Trump became the first US president to be canceled by Silicon Valley. After years of defending his presence on their platforms, Facebook, Twitter, YouTube and other social media networks decided that the assault on the Capitol had left them no choice but to suspend his accounts — in Twitter’s case, permanently. Twitter claimed that the analysis of Mr. Trump’s tweets led to the following conclusion: the former US President repeatedly violated Twitter rules, inciting American citizens to violent acts and behaviour. What happened to Mr. Trump is a phenomenon called deplatforming: “The action or practice of preventing someone holding views regarded as unacceptable or offensive from contributing to a forum or debate, especially by blocking them on a particular website”, or a social media network.
EU legislators criticised some unilateral decisions taken by social media platforms, and asked for a greater European public control on such matters, in order to guarantee the freedom of expression to all EU citizens, and to all people in general.

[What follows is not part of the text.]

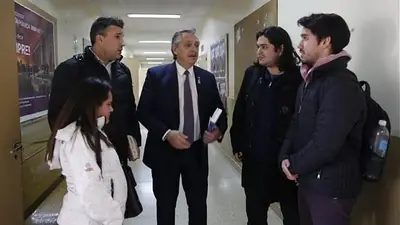 Fake news: el título de La Nación sobre una mentira que ataca a Alberto Fernández Fake news: el título de La Nación sobre una mentira que ataca a Alberto Fernández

During the February plenary (February 8th-13th), in the European Parliament the topics of the democratic scrutiny of social media platforms, and the protection of fundamental rights were discussed. The debate was opened by Mrs. Zacarias, the Portuguese Secretary of State for European Affairs, who represented the EU Council. In her speech she underlined the fragility that democracy and democratic values are experiencing, in Europe and elsewhere in the world. Disinformation and hate speeches are real threats to democracy, and are being spread through social media networks, becoming more powerful day after day. Mrs. Zacarias likened social media to public agoras, to highlight the enormous power that social media platforms have in shaping the public debate. But she also remarked the major existing difference between social media platforms and agoras: the rules are different: what is illegal offline is not always illegal online. In this regard, Commissioner Jorouvá, in her speech, reminded that offline and online are not two different worlds, but two coexisting realities. Thus, the two must be subject to the same norms and rules: what is illegal offline, must be illegal online, without any exception.
The EU Commission proposed the DSA (The Digital Services Act), in December 2020. This package contemplated a set of norms and a co-regulation approach with social media platforms, so as to ensure an easier management of harmful and/or illicit contents on social media. These measures are not only addressing problems such as disinformation, but are also meant to favour greater transparency of the decision-making processes based on algorithms.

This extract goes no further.